- _EXERCISE_
Print the listing below exactly, images excluded.
------ DATASET EXTRACT ------
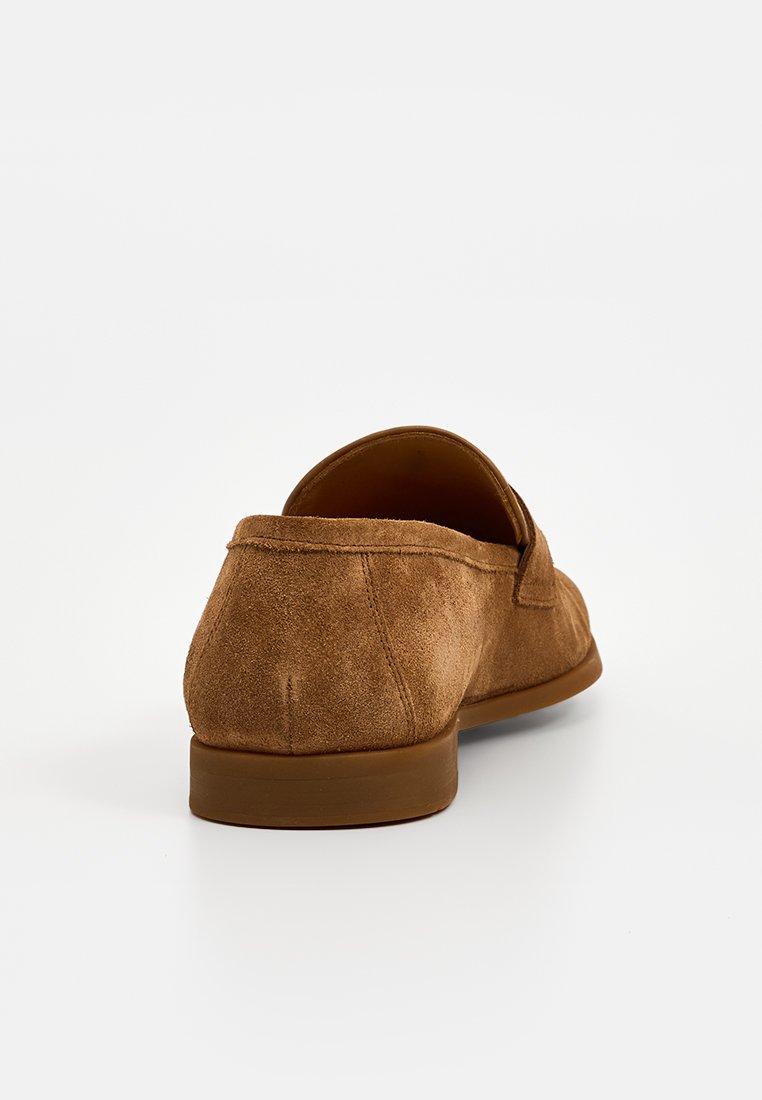 Mocasin de ante marrón con tacón bajo, visto desde la parte trasera sobre un fondo blanco.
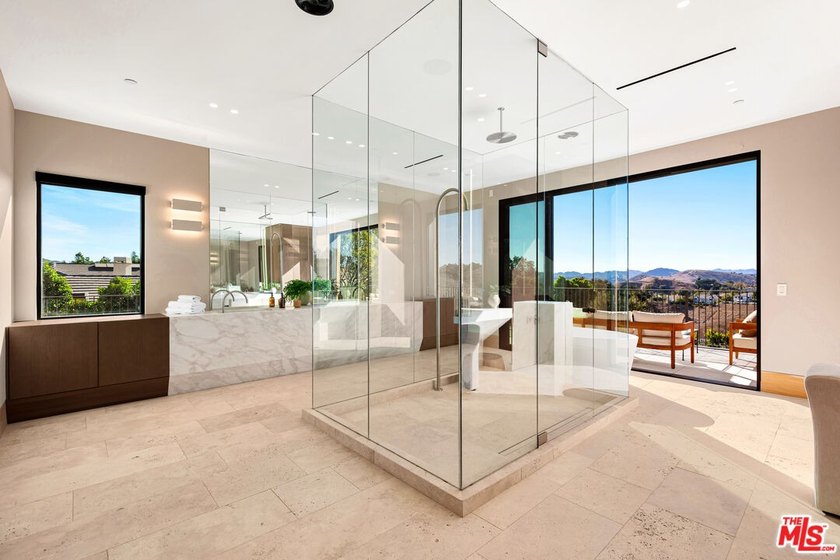 Completed in 2025, this stunning custom estate is sited in the - photo 20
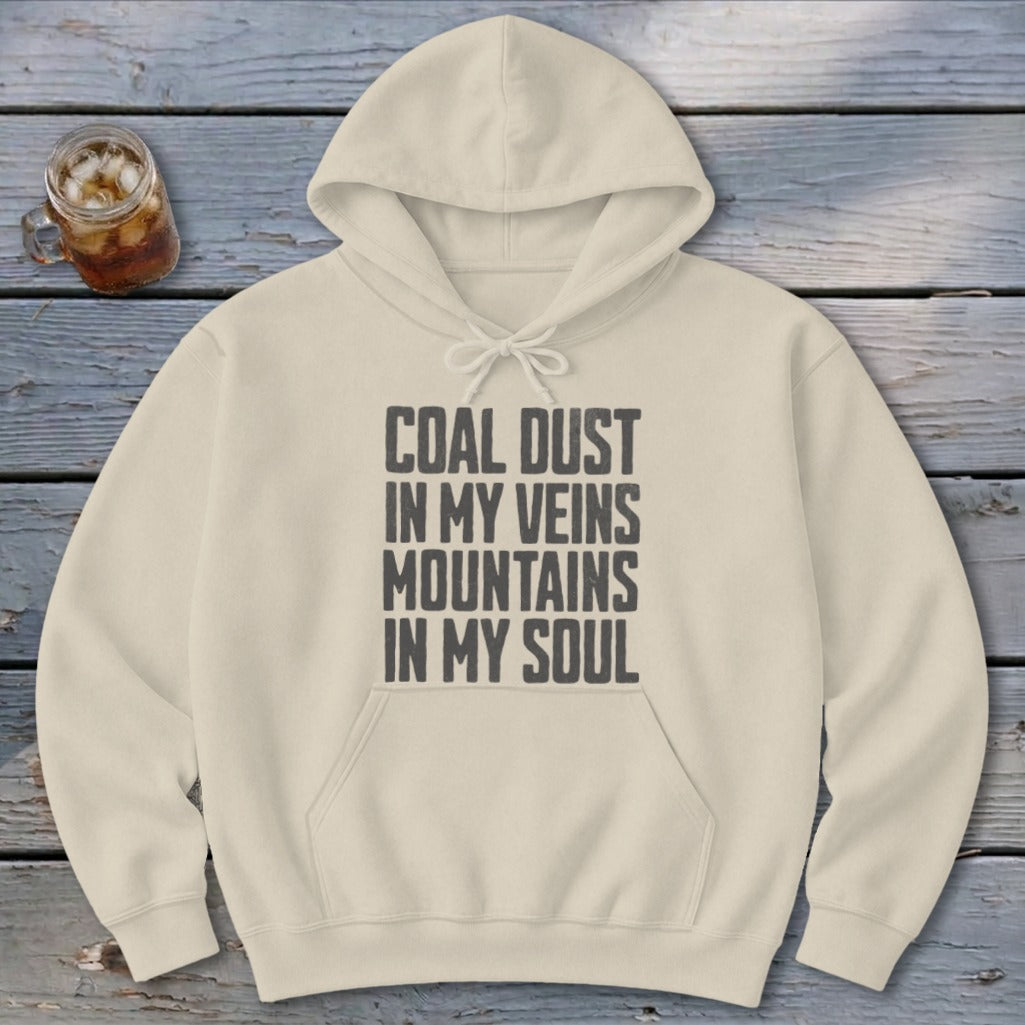 Cream-colored hoodie featuring the distressed text Coal Dust in My Veins Mountains in My Soul.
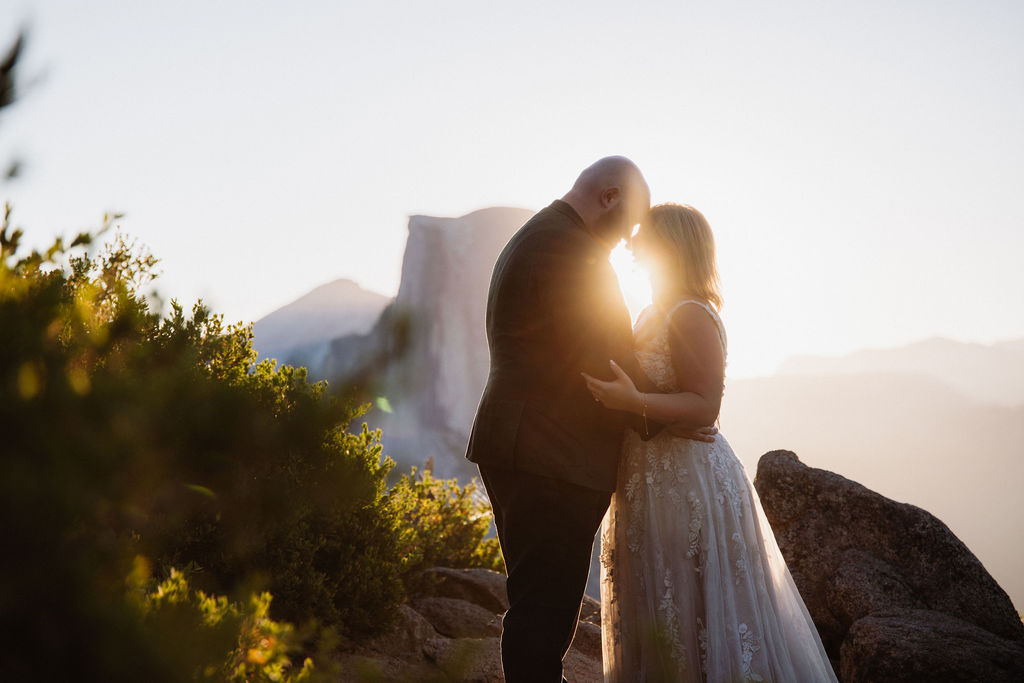 A couple in wedding attire stands on a rocky ledge with mountains and sunlight in the background for an elopement in Yosemite and Sequoia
------
- _RESPONSE AREA_
 Mocasin de ante marrón con tacón bajo, visto desde la parte trasera sobre un fondo blanco.
 Completed in 2025, this stunning custom estate is sited in the - photo 20
 Cream-colored hoodie featuring the distressed text Coal Dust in My Veins Mountains in My Soul.
 A couple in wedding attire stands on a rocky ledge with mountains and sunlight in the background for an elopement in Yosemite and Sequoia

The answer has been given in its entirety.